If there's a downside to Samba, it's the package's complexity. Configured to the max, Samba can emulate many of the functions of Windows NT Server, but you'll need a lot of time and NT expertise to implement all of Samba's capabilities. What's more, you can't just install Samba and expect to see your Linux system in the Network Neighborhood window. You have to prepare your Linux and Windows systems properly—and to do so, you'll need a certain amount of system administration expertise that's often taken for granted in the Samba documents available online—which is one of the reasons so many people have trouble getting Samba to work.
Creating Linux accounts for Windows users
Let's get started—but not with Samba.

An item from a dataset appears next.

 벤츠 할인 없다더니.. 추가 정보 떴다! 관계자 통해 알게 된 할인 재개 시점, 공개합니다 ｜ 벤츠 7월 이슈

To get Samba working correctly, you need to set up accounts on the Linux server that duplicate the username and password that users supply to the Windows network login dialog box. This is one of the areas that the Internet-accessible documentation doesn't sufficiently cover; the authors of these documents assume, I suppose, that readers would instantly realize the need to take the steps described in this section. All too often, though, people attempt to configure Samba without taking these steps, and—as a result—Samba won't work.
Why do you need to set up these accounts? Thank Windows. You see, Windows clients provide no logical way to supply a username when a Windows user makes a Samba connection. Instead, the Windows client sends the username that the user supplied in the Windows Networking login dialog box, which appears at the start of a Windows session. Unless you want to configure all your Samba services to be accessible to guest users—which would create a security hole you could drive a truck through—you need to set up Linux accounts in which the username parallels the one that the Windows client is submitting. While you're at it, create these accounts with exactly the same password that Windows users supply in the Windows Networking login box. If the user's Linux password is the same as the same user's password on the Windows client, users can access their Samba resources without supplying a password.

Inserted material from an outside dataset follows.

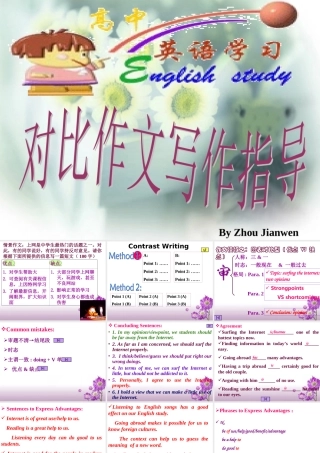 对比作文(125) 高一语文对比作文课件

To set up the user accounts, you can use the useraddutility or your Linux distribution's user configuration utility (such as linuxconf on Red Hat and Red Hat-derived systems). To set an account for Suzanne with the password yai2bfw, log in as superuser, type useradd-p yai2bfw suzanne, and press [Enter]. By default, this command creates a home directory (here, /usr/suzanne); if the command fails to do this, it means the value CREATE_HOME is turned off in /etc/login.defs. To change this behavior, edit /etc/login.defs. If CREATE_HOME is set to no, change it to yes; if the value doesn't appear, type CREATE_HOME yes and save the file, and then run useradd again.
Decisions, decisions: Plain text vs. encrypted passwords
Next, you'll need to consider whether you want to use plain text or encrypted passwords. If you want to use plain text passwords, you'll have to modify the Windows clients; if you want to use encrypted passwords, you'll need to modify your Samba installation, as explained in the next section.

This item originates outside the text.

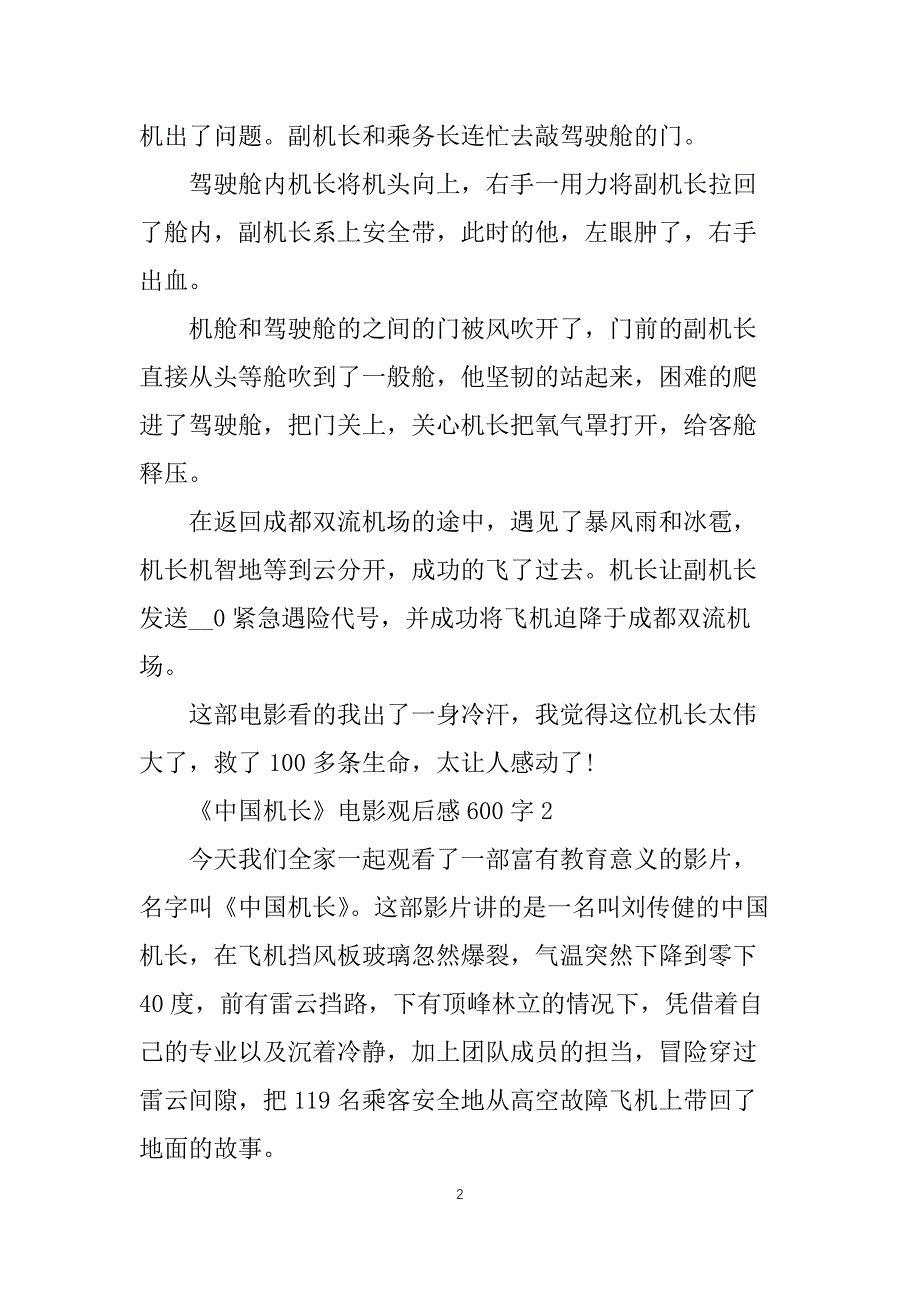 中国机长电影观后感600字5篇_第2页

Which is best, plain text or encrypted passwords? The short version: Use encrypted passwords. Here's why: By default, Samba uses plain text passwords, which means that passwords are sent as ordinary text over the network. These passwords could be detected by an intruder and used to gain access to confidential resources. This isn't a problem in a small network in which all users are reasonably trustworthy. Still, it's not a bad idea to use encrypted passwords, even on a small network.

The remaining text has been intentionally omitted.